Untungnya saya bukan orang yang mudah mual atau pingsan saat melihat visual seperti itu. Tapi apakah orang yang men-share video ini sudah memikirkan reaksi orang lain yang akan melihatnya? Dan lebih jauh, apakah orang yang men-share video ini memikirkan bagaimana kalau sampai keluarga korban melihat video mengerikan itu dan tahu bahwa video tersebut sudah tersebar kemana-mana?

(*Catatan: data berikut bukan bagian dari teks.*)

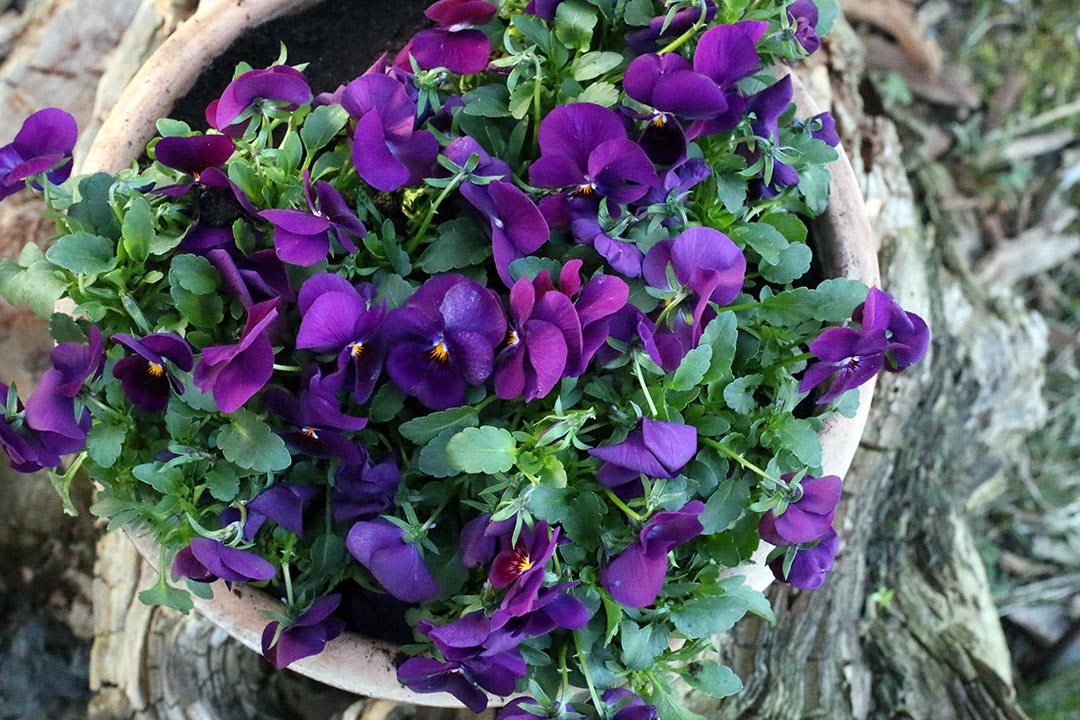 Vackra violer vid entrén.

Meskipun tujuannya mungkin hanya untuk sekadar membagikan informasi, tapi agaknya fasilitas dunia digital dengan segala kemudahannya untuk mengambil foto, merekam video, kecepatan jaringan internet, sedikit banyak membuat masyarakat jadi lupa untuk berempati. Saking kepengennya menjadi orang yang paling update tentang suatu peristiwa yang baru saja terjadi, mereka jadi lupa mana hal-hal yang perlu dibagikan secara gamblang, mana yang tidak. Sama halnya dengan membagikan foto-foto jenazah saat melayat di media sosial.

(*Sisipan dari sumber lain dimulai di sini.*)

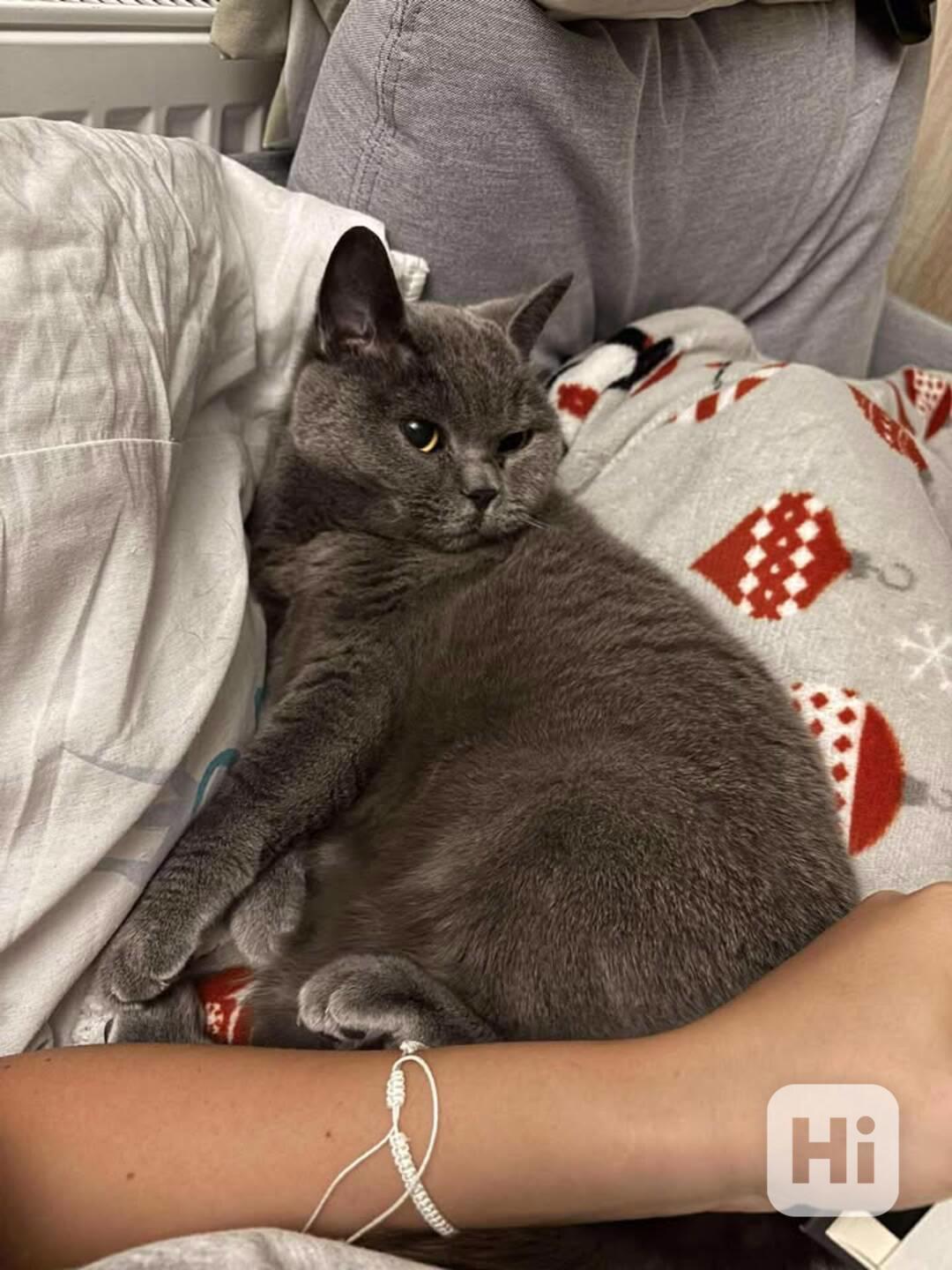 Zralá lady Šeron - foto 1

Bahkan kru media di daerah konflik saja, memiliki aturan dan kode etik saat menampilkan video dan gambar semacam itu, misal dengan menyamarkan bagian-bagian tertentu atau mengambilnya dari sudut tertentu.
Hal-hal ini mungkin terkesan sepele dan tidak perlu dibesar-besarkan. Tapi yang perlu dicatat adalah bahwa video atau gambar korban-korban seperti ini adalah hal yang privasi. Dan suatu hal yang privasi tidak seharusnya diumbar ke orang lain. Bagaimana jika yang melihatnya ternyata punya trauma psikologis tertentu? Bagaimana bila kita sendiri merupakan anggota keluarga korban? Pastinya tidak tega kan?
Jadi teman-teman semua, mari kita selalu memiliki rasa empati untuk hal-hal semacam ini dengan tidak sembarangan membagikan video atau gambar yang justru membuat orang lain berjengit. Kalau perlu, tegur mereka yang men-share konten tersebut. Jangan menjadi orang yang berpikiran pendek yang hanya ingin dipuji dengan menjadi yang paling update. Tidak hanya dalam bersikap, bermedia sosial juga ada etikanya.